I have an air compressor, paint gun, angle grinder, some modest mechanical ability and determination. There is also a new-in-the-box predator 212cc engine on craiglist here for $75 that I am highly considering. In the end I need one well running machine to get me through Central New York winter.

Of the two, which one would you keep? I am a little partial to the 10m6d with the tear drop bucket and I think it was made the year I was born: 1968

I just hope that they just need some TLC and there aren't some real gotcha's in either.
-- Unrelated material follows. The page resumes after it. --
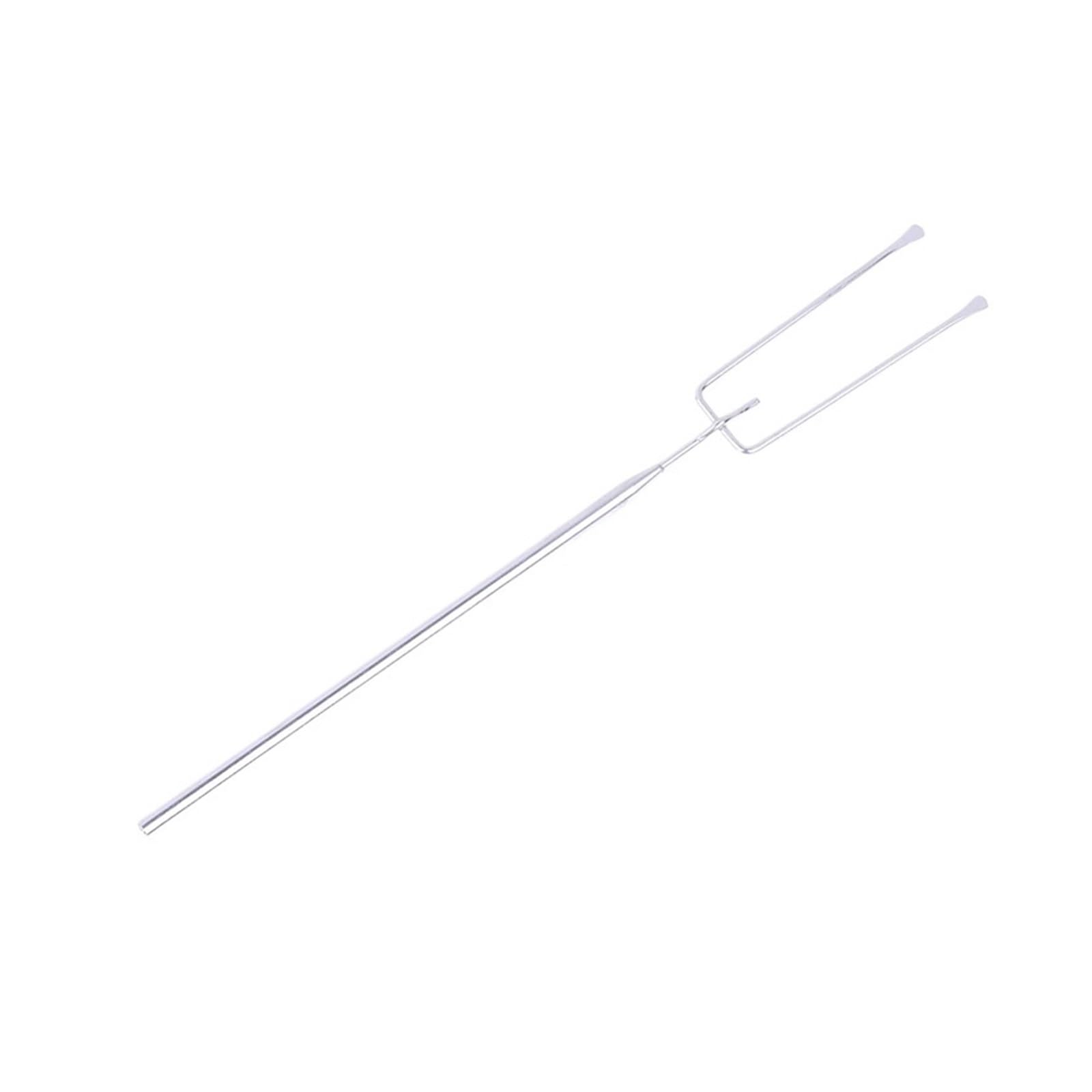Wzptlkibad Green Cheese Fondue Fork, Long Handle Stainless Steel Dipping Tool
I'm thankful for those who have already helped and just warning that I'll be asking for lots of advice.


----------



## micah68kj (Oct 8, 2011)

Welcome to the forum. I see you got bitten by the bug. Don',t feel bad lots of the guys in here havbe more then one machine. I have four but there are others who have whole fleets of blowers. As to which one to keep..... Ya know you're going to keep both of them.


----------



## UNDERTAKER (Dec 30, 2013)

As CONFUCIUS says it is better to have 2 snow blowers than none at all.


----------



## detdrbuzzard (Jan 20, 2012)

hello ashwinearl, welcome to *SBF!!* suffering from mss already I see


----------



## liftoff1967 (Jan 15, 2014)

Welcome to the forum


----------



## Jackmels (Feb 18, 2013)

The Earlier Machine will take the predator swap without too much trouble. You won't have to do Chute Crank Mods. You might have to put Longer Engine Mounting Bolts in. I use a similar machine w/new engine. Add a Tall Chute Mod and impeller seal, and that will be Great!


----------



## HJames (Oct 28, 2013)

Sounds to me like they both could use a carb cleaning.. Both machines are great and it doesn't sound like you need to do an engine swap. You can probably fix them both for less than the cost of the Predator. I would keep both, but if I had to sell 1 I'd flip a coin, because you can't go wrong with either one. Nice score!!


----------



## gibbs296 (Jun 22, 2014)

detdrbuzzard said:


> hello ashwinearl, welcome to *SBF!!* suffering from mss already I see


Geez, I know what you are saying. All I hear from the wife is " No, you don't need another snowblower!" But when the super deals come along she just says " I guess you could have worse habits"  Welcome ashwinearl! On another point Menards pickup truck rental is around $30 for an hour. A good option to get a "baby" home to its nest.


----------



## Geno (Nov 29, 2011)

Welcome to the Board- Welcome to the 2+ club (2 snowblowers + now 2 of everything else that has a gas motor!) I started to get up too 7-8 chainsaws and don't even cut wood or burn it.. I'm back down to 2 though now. it's addicting, but the folks here will help you (or your wife) find reason to have more than one. Most everyone here does. Geno


----------



## greatwhitebuffalo (Feb 11, 2014)

welcome

you have a good eye and great beginner's luck- get the bigger 8HP one going, keep the smaller one as a spare or sell it. easy decision there

you also got a smokin' bargain on the price. 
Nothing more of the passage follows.